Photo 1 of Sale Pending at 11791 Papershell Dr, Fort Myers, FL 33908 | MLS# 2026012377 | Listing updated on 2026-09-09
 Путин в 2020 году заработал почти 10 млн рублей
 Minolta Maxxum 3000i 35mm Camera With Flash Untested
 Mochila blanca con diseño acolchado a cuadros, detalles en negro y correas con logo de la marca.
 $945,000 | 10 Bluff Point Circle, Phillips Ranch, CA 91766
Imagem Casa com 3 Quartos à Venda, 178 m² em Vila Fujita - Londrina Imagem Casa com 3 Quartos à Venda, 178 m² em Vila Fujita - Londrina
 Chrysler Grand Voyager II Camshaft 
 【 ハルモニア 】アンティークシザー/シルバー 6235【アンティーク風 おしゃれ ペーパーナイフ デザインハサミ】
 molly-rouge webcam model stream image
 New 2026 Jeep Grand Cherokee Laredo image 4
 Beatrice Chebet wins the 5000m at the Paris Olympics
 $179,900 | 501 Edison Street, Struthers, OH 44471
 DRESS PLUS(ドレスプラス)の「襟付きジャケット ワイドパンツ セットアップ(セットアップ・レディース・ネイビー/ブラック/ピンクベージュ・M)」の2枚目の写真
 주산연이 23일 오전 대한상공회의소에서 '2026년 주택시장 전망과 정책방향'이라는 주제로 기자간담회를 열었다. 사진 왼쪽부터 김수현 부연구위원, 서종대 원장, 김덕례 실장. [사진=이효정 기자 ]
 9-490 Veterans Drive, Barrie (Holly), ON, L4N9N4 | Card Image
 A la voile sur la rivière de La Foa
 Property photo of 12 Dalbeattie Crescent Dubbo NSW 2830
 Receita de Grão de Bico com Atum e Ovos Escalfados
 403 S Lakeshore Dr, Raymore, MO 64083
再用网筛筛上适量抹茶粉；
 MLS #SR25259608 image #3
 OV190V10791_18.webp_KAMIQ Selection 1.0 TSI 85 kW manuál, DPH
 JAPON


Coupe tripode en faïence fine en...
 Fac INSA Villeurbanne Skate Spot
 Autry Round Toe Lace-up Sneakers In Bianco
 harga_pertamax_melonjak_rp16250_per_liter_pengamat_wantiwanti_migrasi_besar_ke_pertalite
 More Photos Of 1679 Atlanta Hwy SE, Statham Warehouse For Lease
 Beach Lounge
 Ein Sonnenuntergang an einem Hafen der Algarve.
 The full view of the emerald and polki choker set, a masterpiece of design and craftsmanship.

◆ ◆ ◆ ◆ ◆ ◆ ◆

Everything from the line containing "주산연이 23일 오전" through the line containing "Property photo of" in the material above should be retyped exactly, both ends included, and nothing more.

 주산연이 23일 오전 대한상공회의소에서 '2026년 주택시장 전망과 정책방향'이라는 주제로 기자간담회를 열었다. 사진 왼쪽부터 김수현 부연구위원, 서종대 원장, 김덕례 실장. [사진=이효정 기자 ]
 9-490 Veterans Drive, Barrie (Holly), ON, L4N9N4 | Card Image
 A la voile sur la rivière de La Foa
 Property photo of 12 Dalbeattie Crescent Dubbo NSW 2830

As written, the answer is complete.